In situ investigation of Li permeation through grain boundaries in garnet-based solid electrolytes

Abstract

Garnet-type solid electrolytes, such as Li₇La₃Zr₂O₁₂ (LLZO), are promising candidates for next-generation solid-state batteries due to their high ionic conductivity, mechanical stability, and excellent compatibility with lithium metal anodes. However, a major safety concern remains: internal short-circuits caused by lithium dendrite penetration, a mechanism that is not yet fully understood. To address this, we employed a suite of in situ techniques—including conductive atomic force microscopy (C-AFM), scanning electron microscopy (SEM), and scanning transmission electron microscopy (STEM) to directly observe the mechanism of lithium plating and propagation in Ta-doped Li_6.5La₃Zr_1.5Ta_0.5O₁₂ (LLZTO) solid electrolytes.
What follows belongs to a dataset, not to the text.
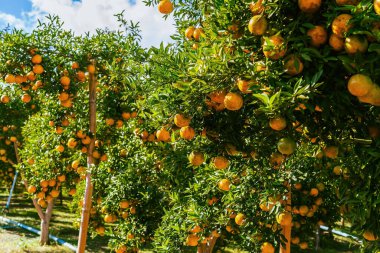 Portakal ağaçları ya da portakallarla kaplı turunçgiller. Mandalina ağacı ya da mandalina tamamen olgun meyvelerle kaplıdır. Olgun portakallar mandallı bahçede bir dalda asılı. Meyve bahçesindeki büyük hasat.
Our findings reveal that non-uniform current distribution within the LLZTO is the primary driver for lithium dendrite formation. We observed that lithium crystals initially nucleate and grow as discrete islands along the grain boundaries where current is concentrated. These isolated crystals subsequently merge, forming continuous dendritic pathways that lead to short-circuiting. The growth of these lithium crystals was further confirmed by in situ electron beam induced current (EBIC) experiments. Based on these insights, we developed a novel C-AFM-based technique to artificially induce lithium dendrite growth from the LLZTO surface, which serves as a powerful diagnostic tool for identifying regions of non-uniform current flow. This work elucidates the fundamental mechanism of lithium dendrite formation and provides a valuable method for assessing the safety and performance of solid-state electrolytes.